Jednak Newcastle żąda za niego ogromnej kwoty, podobnie jak w przypadku Alexandra Isaka. Pomocnik, który znajduje się również na radarze Manchesteru City, Liverpoolu i Paris Saint-Germain został wyceniony na około 90 milionów euro. Newcastle byłoby jednak skłonne obniżyć tę kwotę, jeśli do transakcji zostałby włączony Ronald Araujo.
Newcastle od dłuższego czasu śledzi sytuację urugwajskiego stopera. Eddie Howe jest przekonany, że 26-letni obrońca rozwiązałby problemy jego zespołu w defensywie.

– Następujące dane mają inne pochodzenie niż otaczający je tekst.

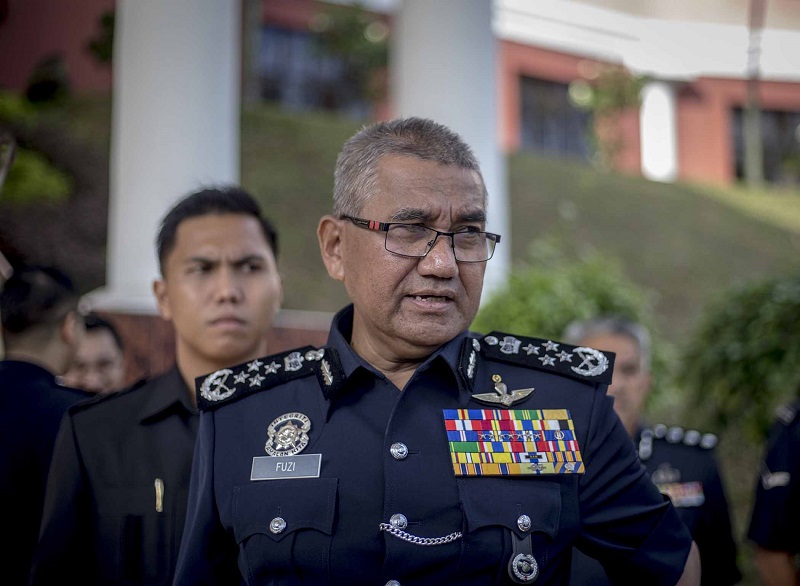 Inspector-General of Police Tan Sri Mohamad Fuzi Harun speaks during a press conference after the Police Family Association annual meeting in Kuala Lumpur March 22, 2018. u00e2u20acu201d Picture by Firdaus Latif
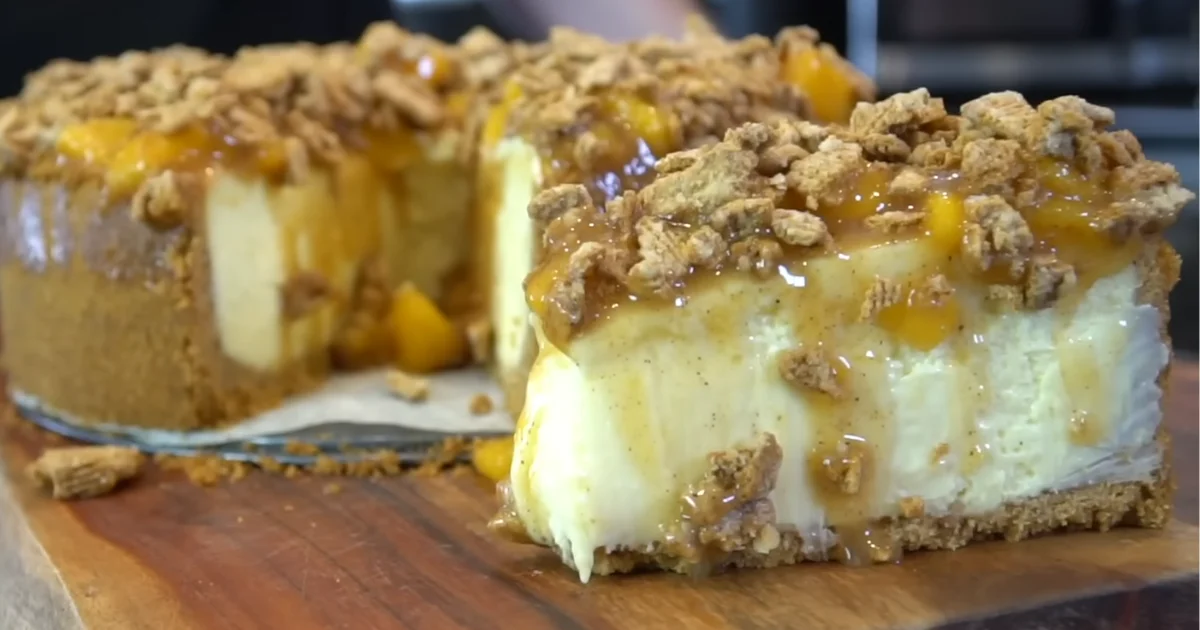 A slice of creamy Peach Cobbler Cheesecake topped with fresh peach slices and a golden cobbler crust.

Bluagrana może rozważyć taką wymianę, ponieważ uważa, że Araujo nie jest już niezbędny w składzie. Ich zdaniem Eric Garcia, Inigo Martinez i Pau Cubarsi prezentują wystarczający poziom. Barcelona może także pozyskać Jonathana Taha na zasadzie wolnego transferu.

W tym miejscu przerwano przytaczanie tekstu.